O que acontece agora com as derrotas consecutivas é puramente fruto de uma sequência de má sorte que engloba músculos estirados, carrinhos mal calculados, decisões controversas, o fetiche de Heung-Min Son por jogar à frente da linha de impedimento e as finalizações que fazem o caminho doce do gol mas são induzidas em direção à trave pelas mãos de Moros, o deus grego do destino e da morte e das criaturas do tártaro, que é cego e invejoso e nunca viu Bentancur jogar bola, então tem como única ocupação hoje em dia evitar que esse time nos deixe mal acostumados de novo.

Só estes detalhes, que apesar de grandes ainda são essencialmente detalhes, nos separam da alegria cabal. Os sinais estão aí pra quem quer ver e tudo de fato gira em torno do treinador, como sempre deveria ser. Ange Postecoglou, afinal, é uma solução objetiva para muitos dos nossos temores porque se mostrou um homem que dá soluções objetivas para muitos de seus próprios temores. Sem desculpas, sem enrolação, sem enrosco. E suas escolhas antes, durante e depois da partida contra o Aston Villa deixaram essa noção mais clara do que nunca.

Já ouviu dizer que o inimigo do meu inimigo é meu amigo? Pois bem, Eric Dier é meu inimigo. E Eric Dier, que é rápido como um projeto de lei cultural e esperto como um invertebrado, também é inimigo do Angeball. Logo, não vê-lo no time titular em nenhum momento do último jogo, mesmo sem nenhum zagueiro de ofício disponível no elenco, faz de Postecoglou meu aliado.

Por essas e outras, tenho certeza absoluta de que o mesmo (ou quase o mesmo) deve acontecer com outras personificações de pesadelos que ainda fazem parte do grupo, como Davies e Hojbjerg, quando chegar a hora. Pois estes dois, junto a Dier, compõem o Triângulo da Tristeza, dentro do qual nenhum técnico, nenhum esquema, nenhum plano é capaz de realmente perseverar. Ver que uma das pontas já está sendo extinta é motivo para celebrar e acreditar que dias melhores virão.

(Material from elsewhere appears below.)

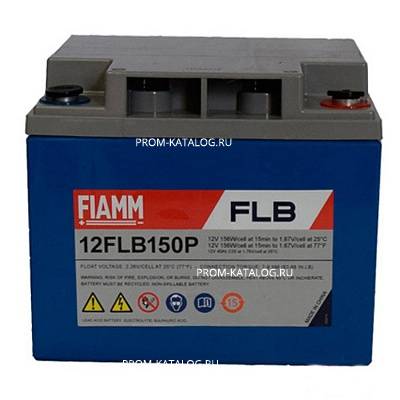 Аккумуляторная батарея Fiamm 12 FLB 150 P (40а/ч)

Pra quem não tem jeito se dará um jeito. Ter o Emerson no miolo da zaga nem foi tão feio assim. Mesmo assim, é uma infelicidade o fato do australiano *ainda* não poder se desfazer completamente destes desorientados, muito pelas limitações implícitas na rotina de um time que não é o Chelsea ou o Manchester City, onde até a categoria de base é dopada. E até aí, tudo certo, acontece. Roma não foi construída num só dia porque precisavam esperar a janela de janeiro. Estamos acostumados.

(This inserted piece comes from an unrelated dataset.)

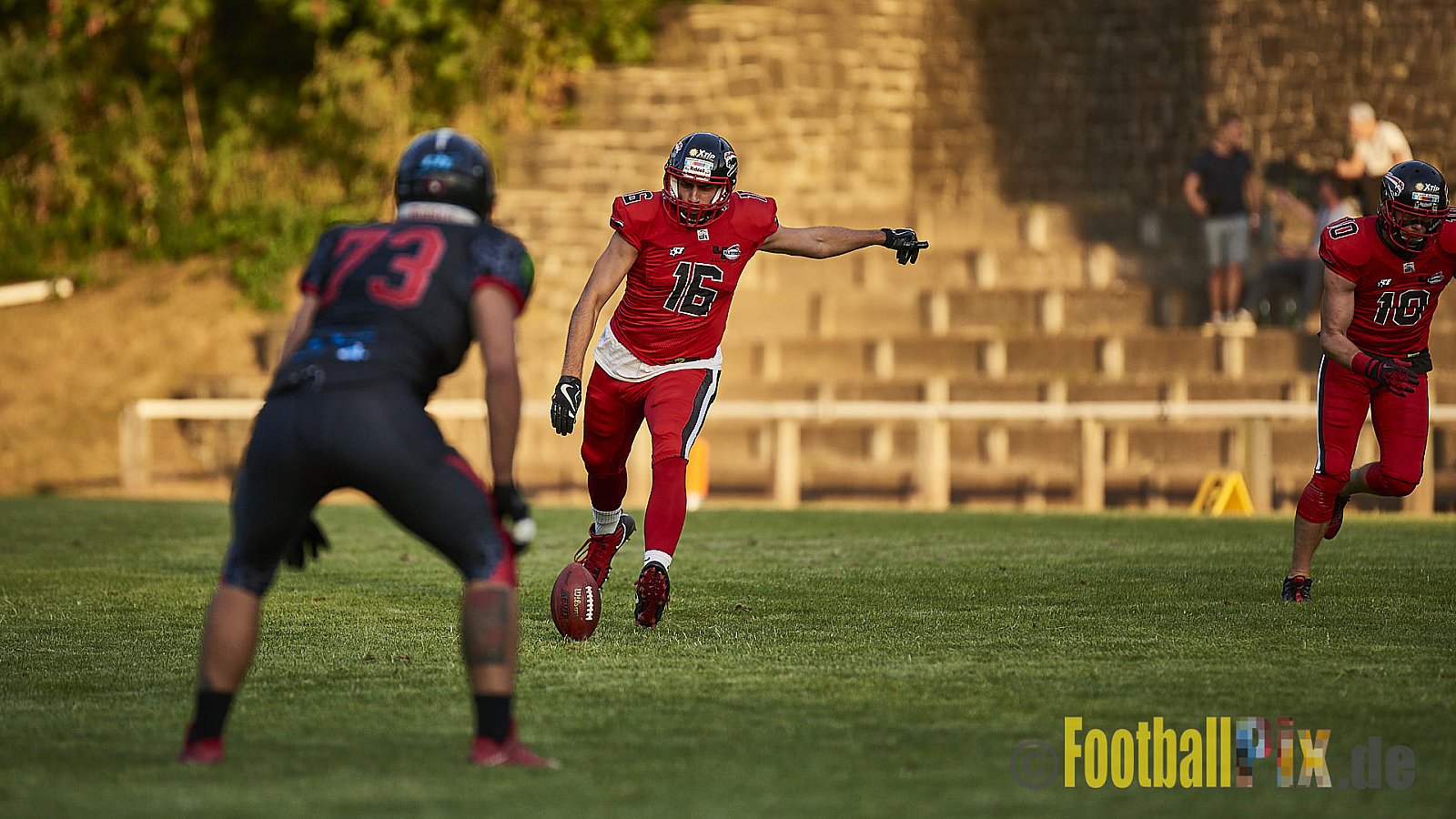 Solingen Paladins vs. Düsseldorf Panther - SolingenPaladinsVsDPanther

Só é realmente assustadora a diferença de postura e abordagem da equipe a partir desse tipo de tomada de decisão. Começar um jogo improvisando dois zagueiros, sem volante e com ponta jogando de meia só pra manter Dier e Hojbjerg longe do gramado até parece uma escolha controversa à primeira vista, mas no fim é a gente que não tá acostumado com esse nível de racionalidade sendo traduzido em ação prática.

Até Matty Cash (que é chefiado não por Moros no tártaro, mas por Hades nos confins escuros e úmidos do submundo) lesionar Bentancur no fim do primeiro tempo, era como se o Tottenham não tivesse jogadores lesionados, suspensos, inexperientes, sem ritmo ou ruins. Mesmo com uns asteriscos, vimos o Angeball em sua plenitude.

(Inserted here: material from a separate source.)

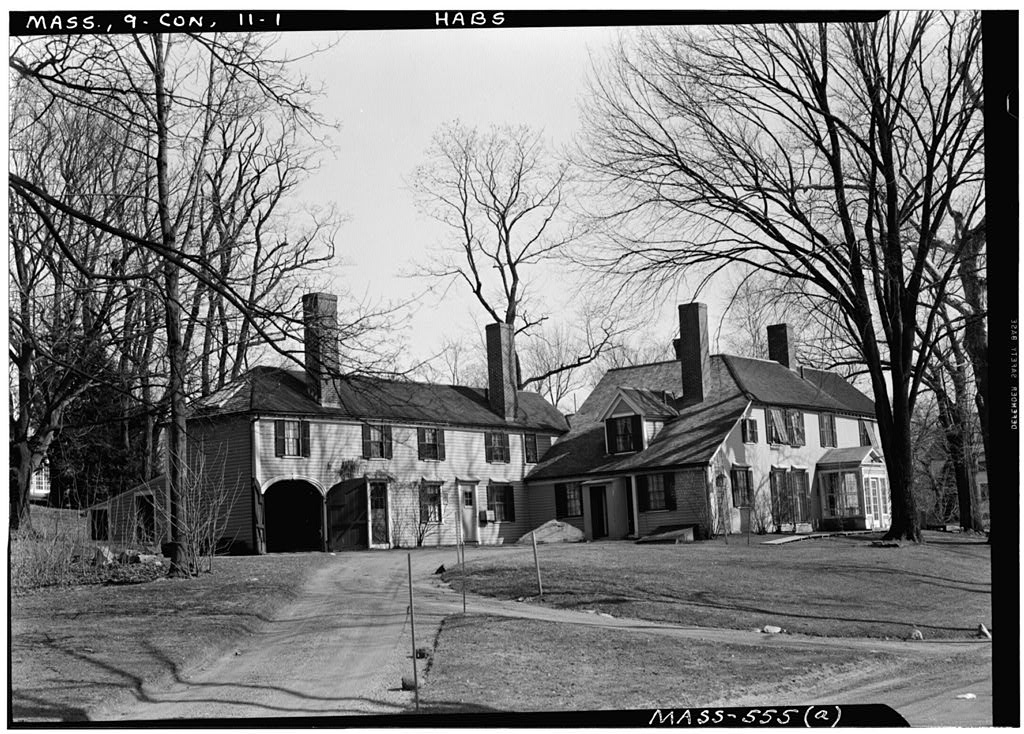 Elisha Jones House, photograph filed with the federal survey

Lo Celso jogou o que não jogou nos último quatro anos e acertou, de três dedos, o único petardo que deixou seu conterrâneo, o louco Dibu Martinez, sem reação em toda a carreira. Porro e Udogie, com os flancos controlados, tomaram as diagonais de assalto. Johnson dominou bolas que Richarlison não dominaria se tivesse oito pernas. Kulusevski parece que deixou de fazer uns dois gols propositalmente por estar achando tudo fácil demais. Até Bryan Gil se engraçou pra cima da defesa do Villa como se não fosse um esqueleto alérgico a carboidratos.

Por fim, quem merece um parágrafo para si é o já supracitado Rodrigo Bentancur, que retornou ao time titular melhor do que saiu, e saiu sendo um dos melhores meio campistas do planeta. O uruguaio joga com um gracejo distinto, fazendo o inimaginável e o especial virarem rotina sem que percam sua beleza. Onipresente, criando para quem joga na frente e apoiando quem joga atrás, controlando o tempo e o espaço com ou sem a bola dominada. Lolo é um futebolista total. Torçamos para que sua lesão não tenha sido grave.